I had some positive goals in my life that I wanted to achieve that were being held back by some of these “obvious” changes that I needed to make first. I had to go through what I went through in order to get to where I am at now. This meant that I had to go through the pain and discipline of building up my mileage as a runner before I could later have the discipline that it took to build a successful business and quit my day job. I had to experience the discipline that it took to get clean and sober so that I could later have the discipline to be able to put down cigarettes. Each growth experience that I had in early recovery set me up for future growth experiences that would build on the ones that came before.
In my opinion this is what real spiritual growth is all about–learning new things about how to become a better person, and then applying those lessons to create even more positive changes in your life. Learning and personal growth can become a skill, one that you continue to practice over and over again.
Most of what we think of as being “spiritual” (religious traditions, rituals, prayer and meditation) is all just sort of a backdrop to the idea that we should be trying to learn and to grow our spirit.
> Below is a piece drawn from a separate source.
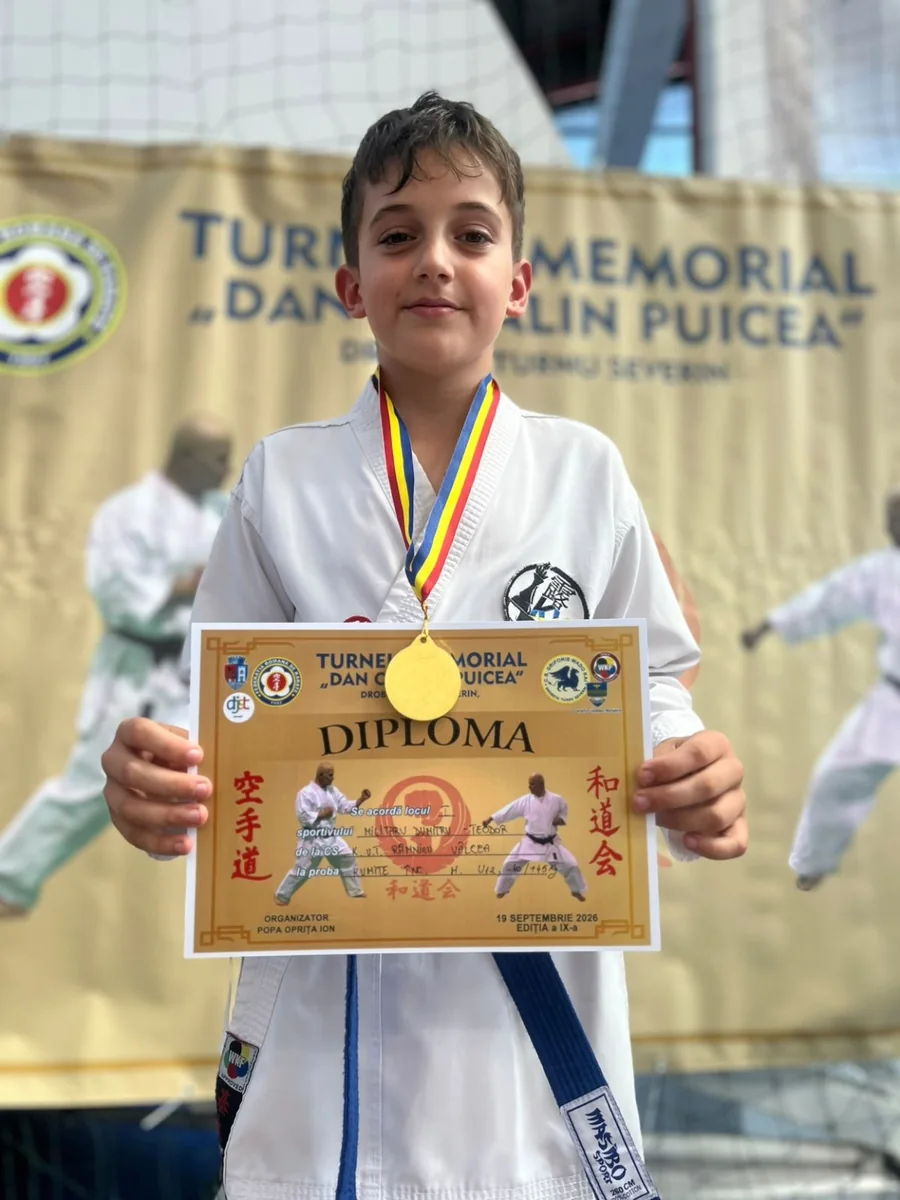 Copil de la KVT Karate Râmnicu Vâlcea cu medalie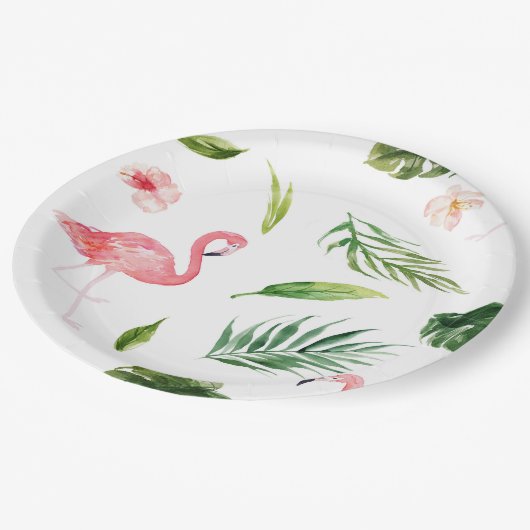 Tropisch Flamingo Papieren Bordje (Gekanteld)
The backdrop is what gives it all meaning and purpose, but that is not what we necessarily need in order to grow our spirit. What we need is to take positive action, to become a better person, to grow in ways that allows us to reach out and help others.
The important thing is the learning, the growth, the positive action, the transformation into a better person. All of the other “spiritual” stuff is just a backdrop for all of this positive change. When we talk of spirituality, we should focus on growing our spirit…not on the rituals and the traditions and all of that stuff from our past that clings to the word “spiritual.”
Stop worrying that you are not spiritual enough and instead try to become a better person in recovery
So ultimately I had to stop worrying about my spiritual quest and my spiritual journey and instead I had to start focusing on taking positive action.
When I did that (and continued to do that) everything started to fall into place in my life. I was excited to face new challenges because it was all an opportunity to become a better person, to improve my life, and to deepen my experience.
Recovery is created through positive action and positive changes. Spirituality is simply how those changes affect our spirit. The important thing, therefore, is not to “be more spiritual.” The important thing is to keep making positive changes, and this will then nurture your spirit.